While these actions occurred while Bonilla was at David Lerner, it is possible that such offending trades also were recommended while Bonilla was a representative for Prudential.
Due to Bonilla’s failure to conduct reasonable diligence in investigating the investments, there were potential risks and costs of the investments, among other things, that Bonilla did not adequately understand. Accordingly, Bonilla violated the rules of FINRA, the regulator overseeing securities brokerages.
Bonilla did not perform reasonable diligence on the fund prior to recommending it to customers. Bonilla could describe little about the fund’s holdings, beyond that some of the fund holdings were “midstream” energy companies.
Bonilla did not know how the fund paid its monthly distributions. Further, Bonilla did not know what, if any, diligence David Lerner Associates performed on the fund or its holdings prior to offering shares of the funds to customers. During the period between the fund’s initial offering in July 2014 and December 2015, the fund’s net asset value declined by more than 40%.
Bonilla also recommended illiquid investments in a limited partnership sold to customers of David Lerner Associates. Limited partnerships are known to be extremely risky investments. The limited partners for the partnerships in question invested in common unit ownership interests in the partnership. The limited partnership was formed to acquire and develop oil and gas properties located onshore in the US. The partnership was a “blind pool”, meaning at the time of the initial offering the partnership had not identified any properties for acquisition.
Just as with the funds, Bonilla did not perform reasonable diligence on the limited partnerships prior to recommending to his investors.
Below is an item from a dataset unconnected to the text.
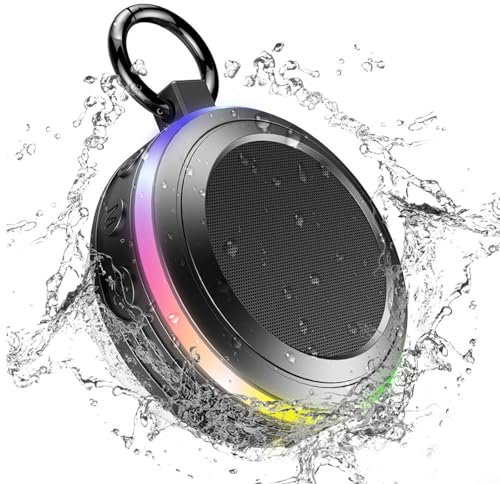 Gettimore Shower Speaker BT 5.2 IPX7 Waterproof Portable With FM Radio LED Display Hands-Free Call for Bathroom Beach Pool(Blue)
Finra regulators stated, “Bonilla did not know how the partnership generated funds to pay investors monthly distributions. Bonilla did not know how the price of the common units reflected on customer account statements were calculated. Bonilla did not read the full prospectus nor did he review the partnership’s financial statements.”
These offenses constitute suitability fraud. These high risk investments carry higher commissions with their higher risks.